▸ **WORK INSTRUCTIONS**: Write out the lines of the material below exactly, beginning at the line with "Premise Notched Collar" and stopping after the line with "Holiday Gift Custom", and leave out the pictures.

▸ **RECORDS TO PROCESS**:
....

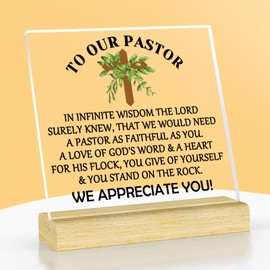 Pastor Gifts Thank You Gifts for Pastor Acrylic Plaque with Stand Religious Christian Gifts Pastor Gifts for Preacher Office Keepsake Decor Christmas Birthday Gift for Priest Appreciation Gift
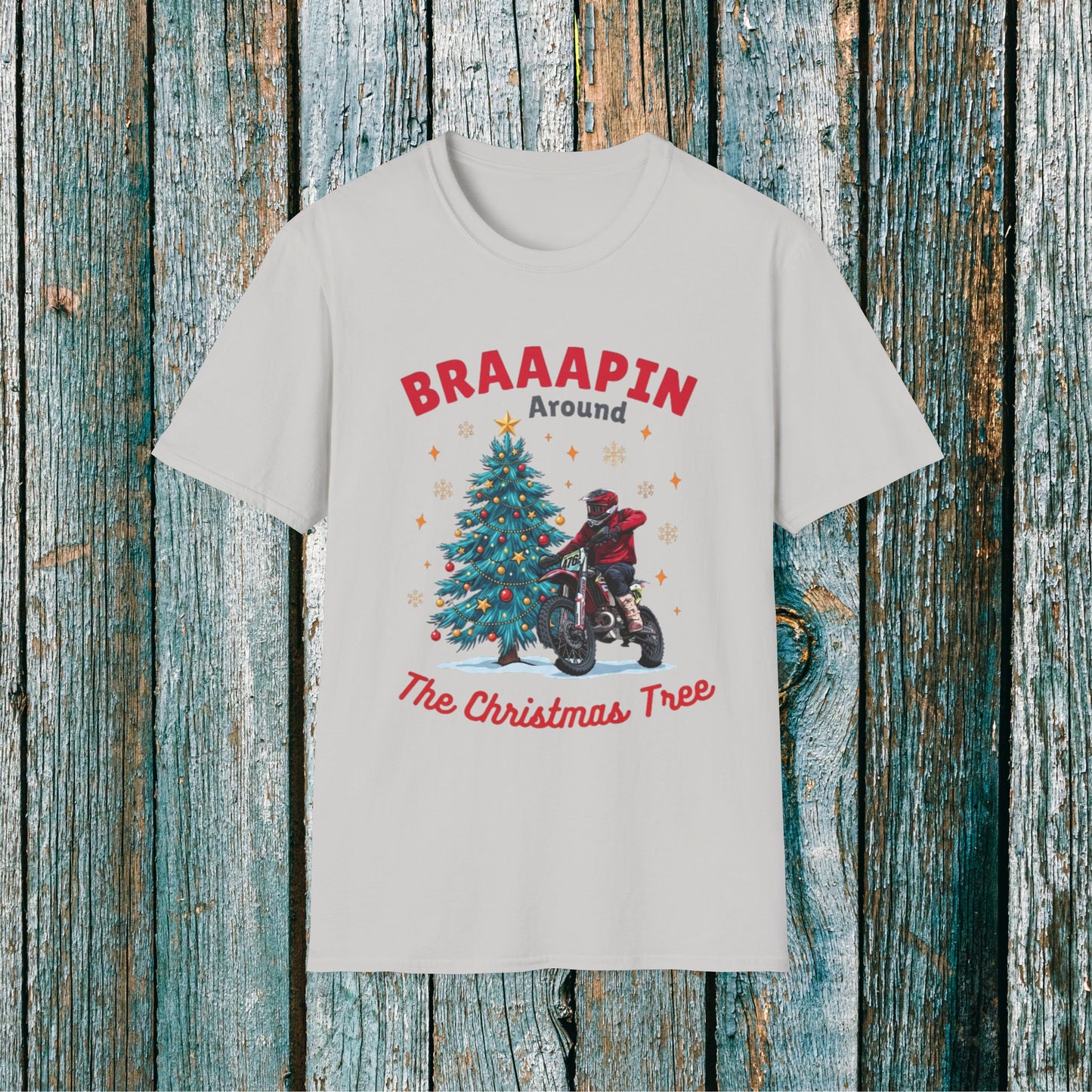 Holiday Bike Softstyle T-Shirt | Braaapin Around The Christmas Tree | Dirt Bike Ugly Sweater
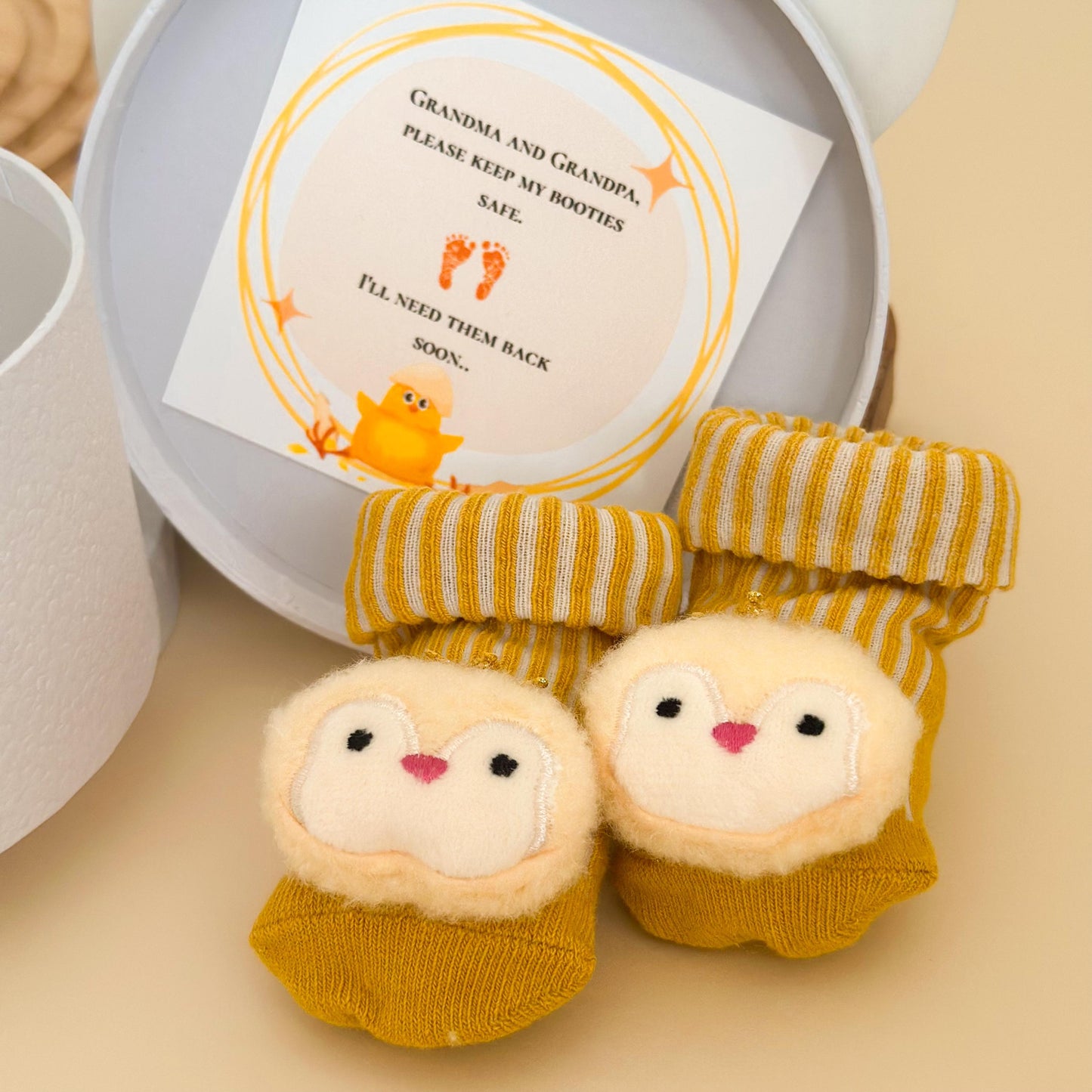 Grandparents Pregnancy Announcement Box – Baby Booties Keepsake Gift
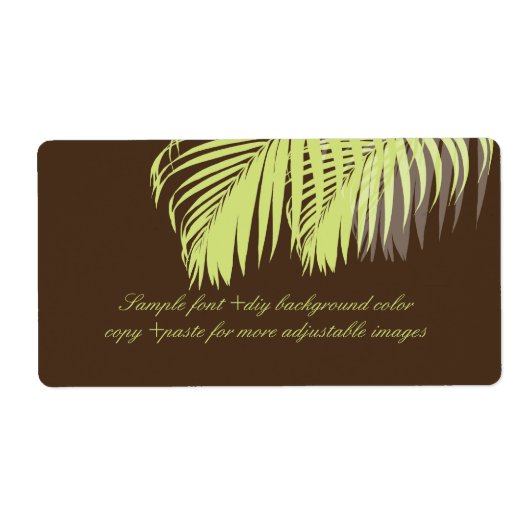 PixDezines DIY kleur! groene palmschijfjes Etiket (Voorkant)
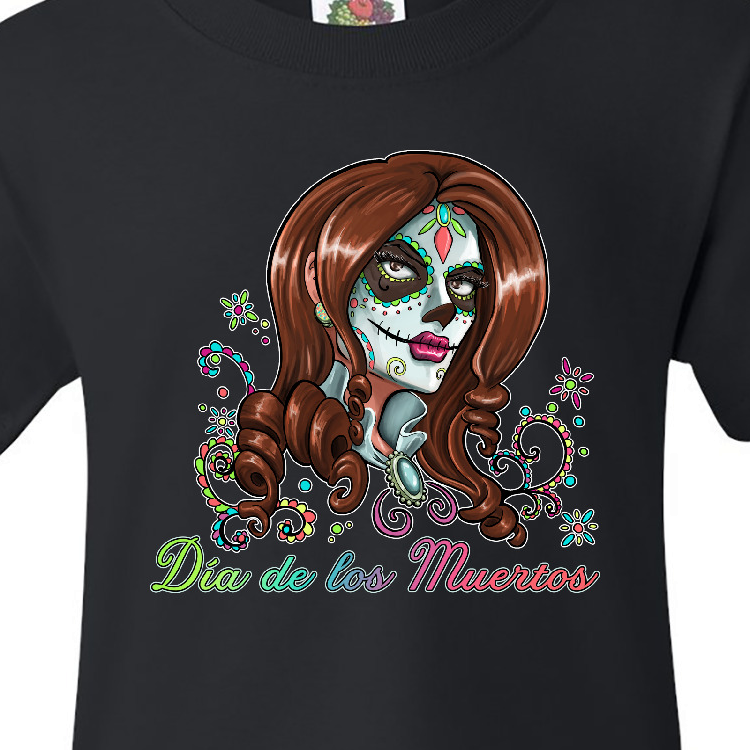 Inktastic Día de los Muertos Woman in Sugar Skull Makeup Youth T-Shirt - image 3 of 4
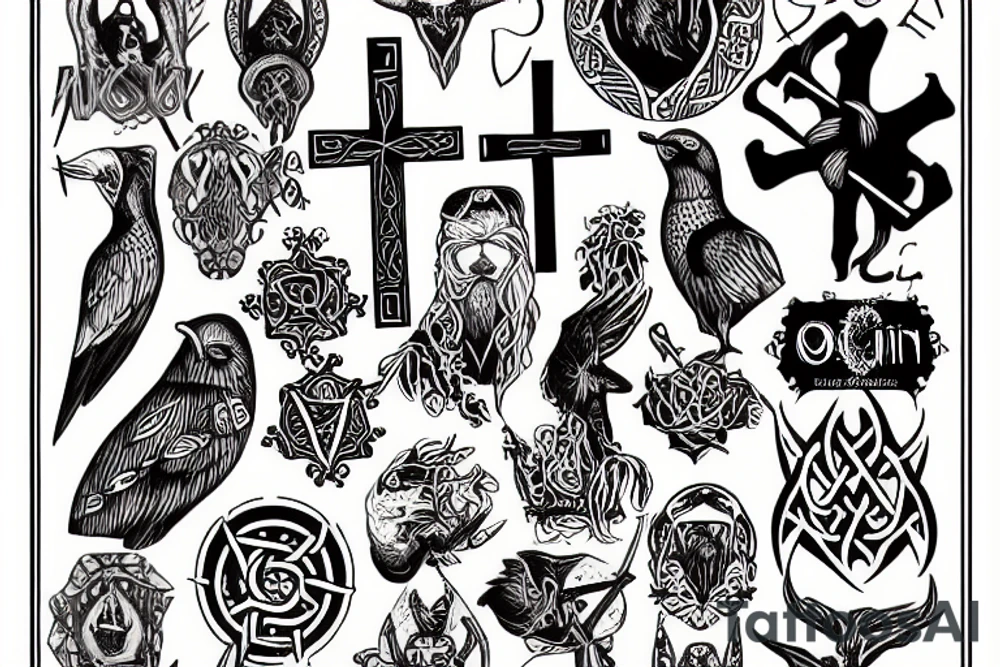 Oðin and the cross tattoo idea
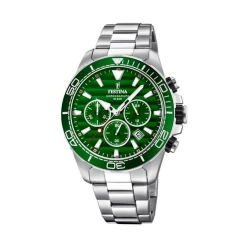 Festina - Chronograph Herrenuhr aus Silber mit grünem Zifferblatt und Lünette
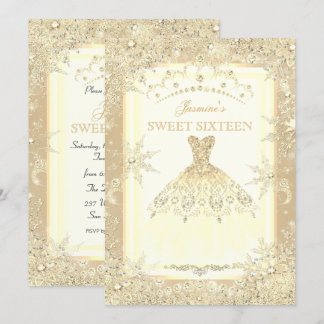 Goldkleid Tiara Winter Wonderland Süß 16 Party Einladung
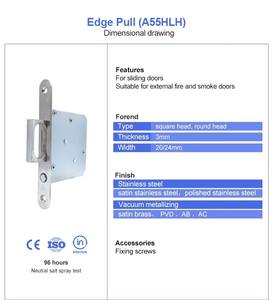 بيع بالجملة حافة مفتاح مضاد للسرقة قفل باب سحب جسم أبواب منزلقة خارجية دخان حريق صلب مقاوم للصدأ ساتان نحاسي PVD AB AC A55HLH - Product Image 5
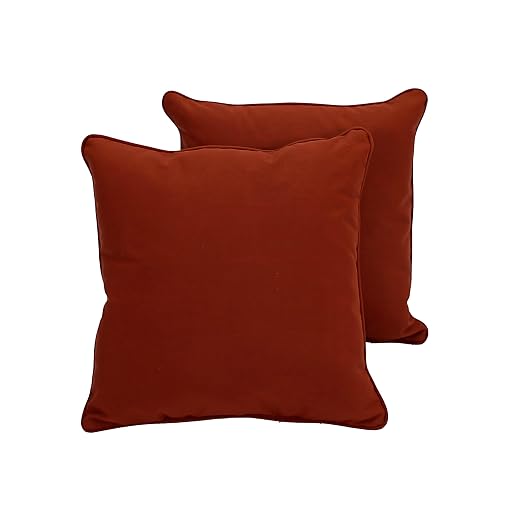 Factory Direct Partners Presidio 15" x 15" Square Decorative Throw Pillow Set with Piping for Indoor/Outdoor Furniture UV, Fade, Weather-Resistant Olefin Fabric (2-Pack) - Rust Red, 13809-118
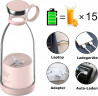 Aoucheni Aoucheni Smoothie-Maker Blender Smoothie Makers,350ml mit USB-Ladegerat, 20000r/min, 304 sus, leicht zu tragen, Anti-False-Touch  Aoucheni Smoothie Maker Blender Smoothie Makers, 350 мл с зарядным устройством USB, 20000 об/мин, 304 sus, легко нос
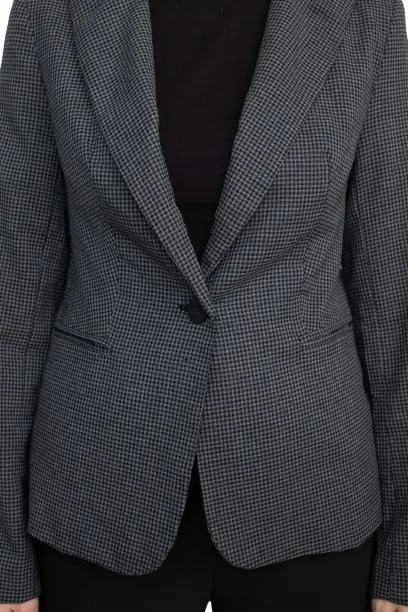 Premise Notched Collar One Button Knit Blazer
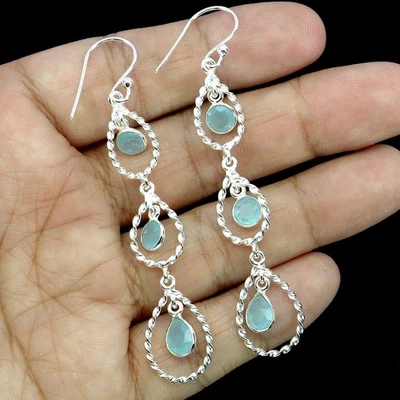 Black Friday 925 Sterling Silver Earrings Pear Chalcedony 7x5mm Gemstone Jewelry - Image 1 of 4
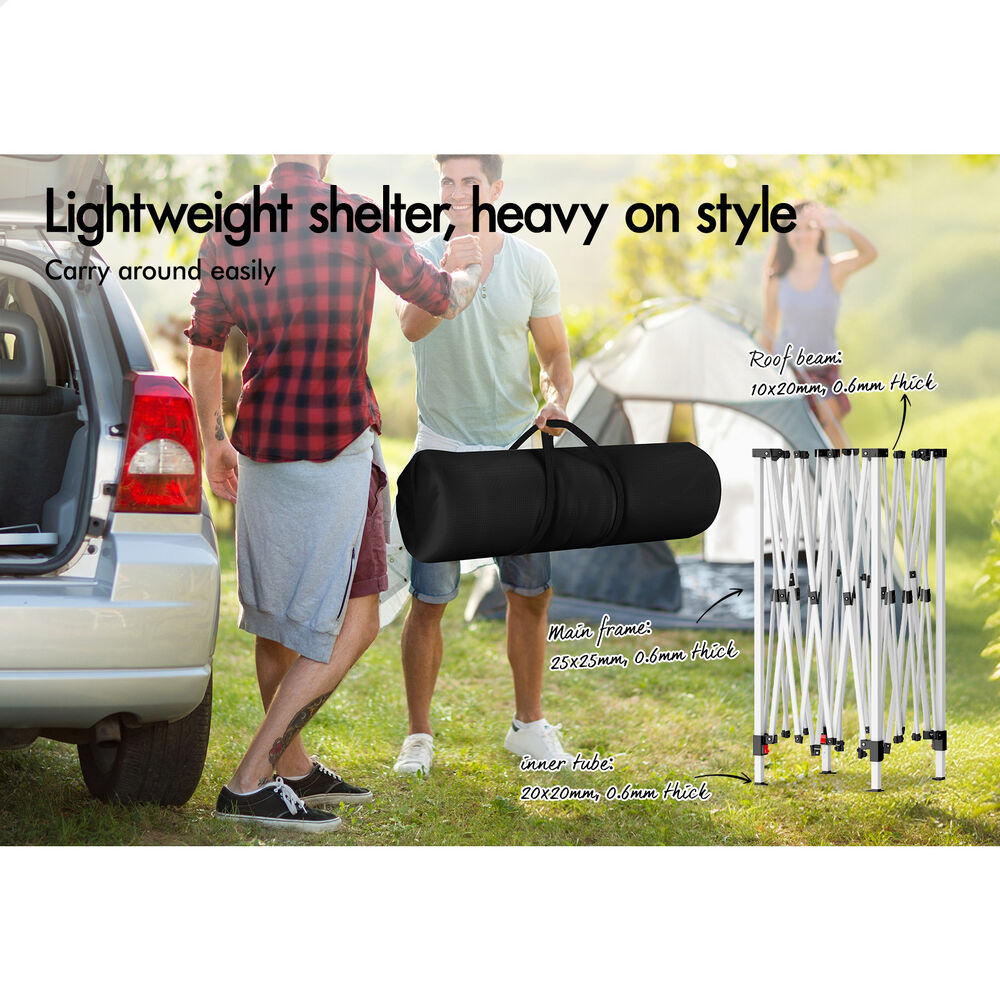 3x3m Gazebo ALFORDSON Pop Up Marquee Outdoor Tent Mesh Wall White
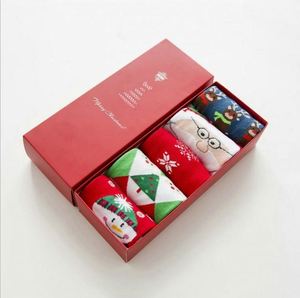 Holiday Gift Custom Packing Novelty 5 Pairs in Box Women Men Adult Winter Santa Cotton Knit Crew Xmas Christmas <b>Socks</b> - Product Image 3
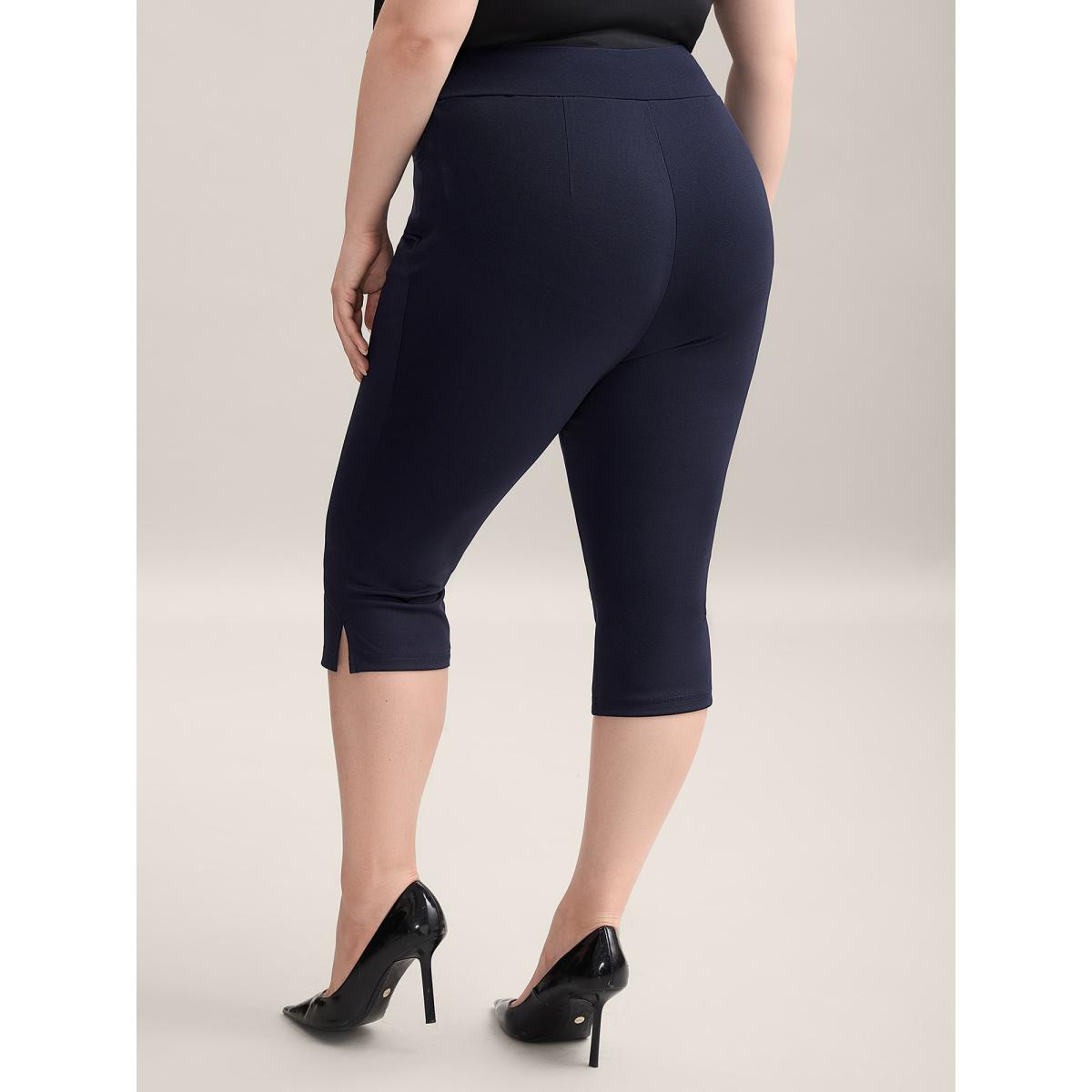Plus Size Stretchy Waist Slit Tight-Fit Leggings Women Midnight Workwear Essentials Skinny Mid Rise Work Pants BloomChic 18-20/2X Product Image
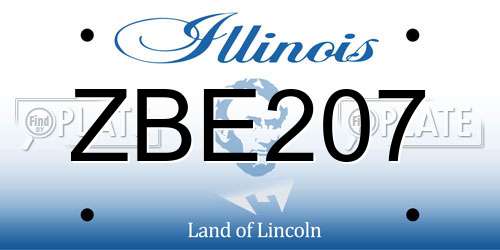 ZBE207 Illinois License Plate
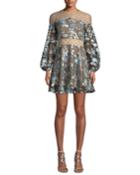 Diana Lattice Mesh-yoke Floral Dress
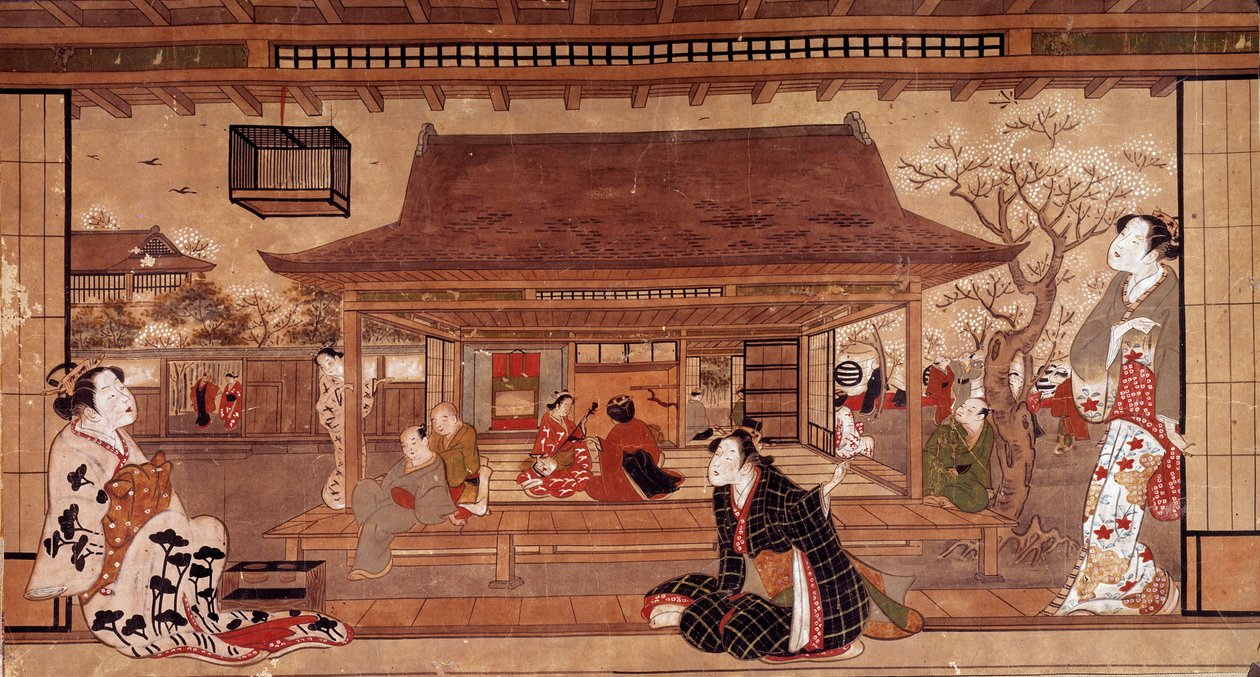 Utsikt över Maromasa-palatset. Japanskt tryck från 1700-talet. Privat samling av Japanese School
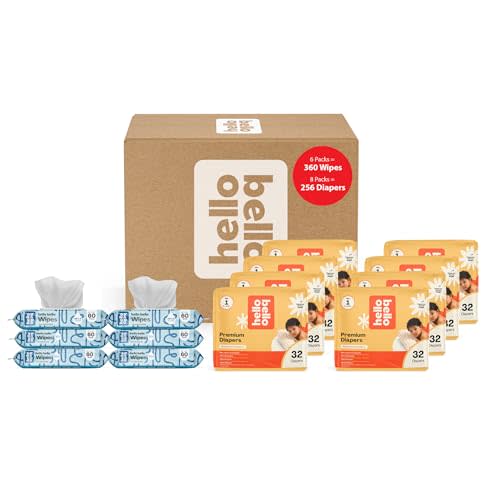 Hello Bello Mega Surprise Pack, Size 1 (8-12 lbs), 256ct Hypoallergenic Assorted Diapers with a Soft, Cloth-Like Feel Plus 360 Ultra Gentle Unscented Baby Wipes in 6 Resealable Packs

....

▸ **RESULT BELOW**:
 Premise Notched Collar One Button Knit Blazer
 Black Friday 925 Sterling Silver Earrings Pear Chalcedony 7x5mm Gemstone Jewelry - Image 1 of 4
 3x3m Gazebo ALFORDSON Pop Up Marquee Outdoor Tent Mesh Wall White
 Holiday Gift Custom Packing Novelty 5 Pairs in Box Women Men Adult Winter Santa Cotton Knit Crew Xmas Christmas <b>Socks</b> - Product Image 3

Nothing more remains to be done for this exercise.